With respect to air failure (fail open/closed) and mechanical failure (flow opens/closes) in globe valves, when all else is equal then my opinion is that these two failures should generally be consistent if possible (i.e. specify fail close + flow closes, etc). The problem arises in many cases that globe valves do not have the desired characterisics or functionality in a flow closes configuration. In this case the flow direction is not something you are really free to specify for that type valve, and the configuration will be flow to open for that valve. The more common (and possibly plant wide) situation of air failure is then considered by itself and set to the desired failure mode resulting in the very common imstallation of: flow opens, but fail close (on loss of air pressure).

Of course every installation is a custom job, so if all types of failures must be controlled in a critical application, then alternative valve designs or shutoffs may be required.

best wishes,
sshep If you have a process where there is tight control required, and you have to operate anywhere near the seat, flow under the seat is preferable to flow over the seat.

Flow over the seat tends to try to shut the valve, and if the actuator is air operated, the actuator has to constantly fight to balance the compressability of the air in the diaphragm against the constantly varying closing forces of the flow over the seat trying to slam the valve shut.

rmw Thank you all for the inputs. They all are very helpful.

So, it appears that selecting a the flow-to-open or flow-to-close valve has an effect in selecting the type of actuator also?

If so, when do I specify a "piston" type actuator or "diaphragm" type actuator? Is there a general rule of thumb to specify what instrument air pressure requirement for a specific type of actuator also (3 to 15 psig or something else)?

Again, thank you all for the inputs. Diaphragm actuators are very common to control valves. Most use air/gas in the 3-30 psi range.

Piston actuators are used more in on/off valves. They can also be used for control, but is less common. Piston actuators usually can take higher pressures, up to 80 psi.
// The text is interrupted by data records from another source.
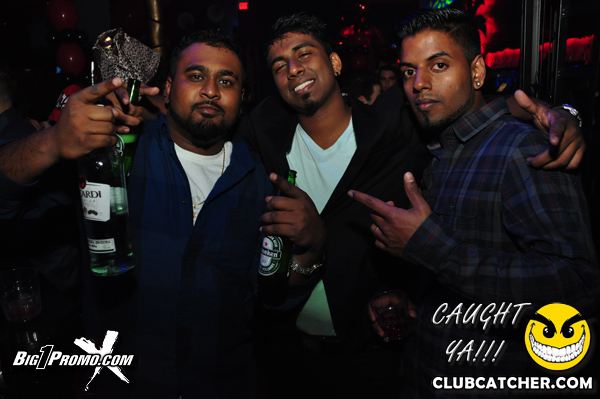 Luxy nightclub photo 66 - October 26th, 2013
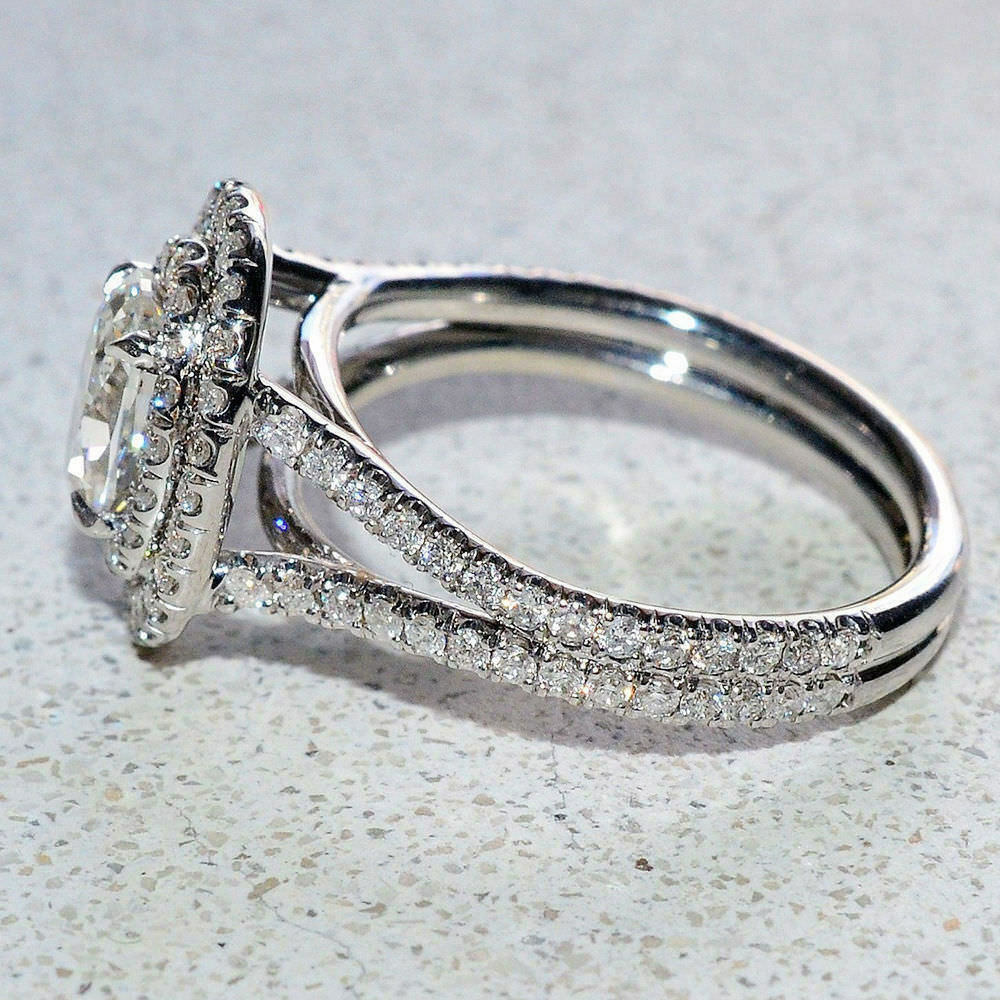 purchase cads/000/rings/201-300/R-256 DAI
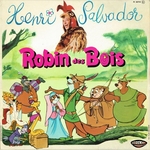 Henri Salvador - R�fl�chir avant d'agir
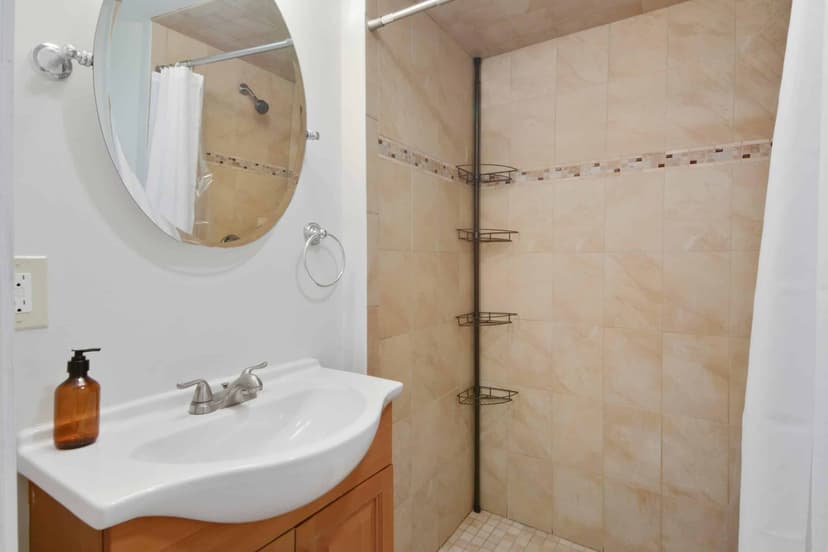 June Homes 02134, Boston image 233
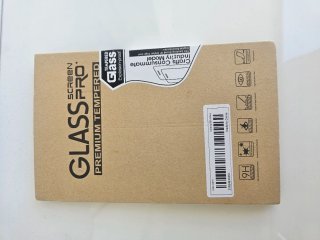 Samsung S26 Ultra Funda y Protector Pantalla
This gives them better performance for quick closing in an on/off service.

jmw said: Don't assume the fail to open/close is the only option.
Valves can be built up with the actuator energise open/energise close (spring return) or with air to open and air to close in which case an air failure means fail in position.

I am not quire sure what you are saying - it seems you are saying the same thing in both sentences.

A fail open valve needs "something" (instrument air, instrument gas, hydraulic, etc) to close it since usually a spring holds it in the open position. A fail close valve has the spring doing the opposite.

A flow open valve has the flow direction "pushing" the valve open (ie upwards in a globe valve). A flow close valve has the flow direction "pushing" the valve close (ie downwards in a globe valve).

The only other type of fail position is fail unknown. Examples are air-to-open-and-close valves, and MOVs. Because there is no stored energy device to move the valve to one position or another, the fail position is hence unknown. Thanks for all your replies.

I was just curious because I had seen some some old specs that have: 1) Flow to close - Failed closed 2) Flow to open - Failed Closed.

I've also noticed from the old spec that item 1) was used with angle valves where the pressure drop is large ( psig) for a letdown applications. The old spec had actually called out for a piston type actuator.

I was trying to understand the reasoning for the old spec.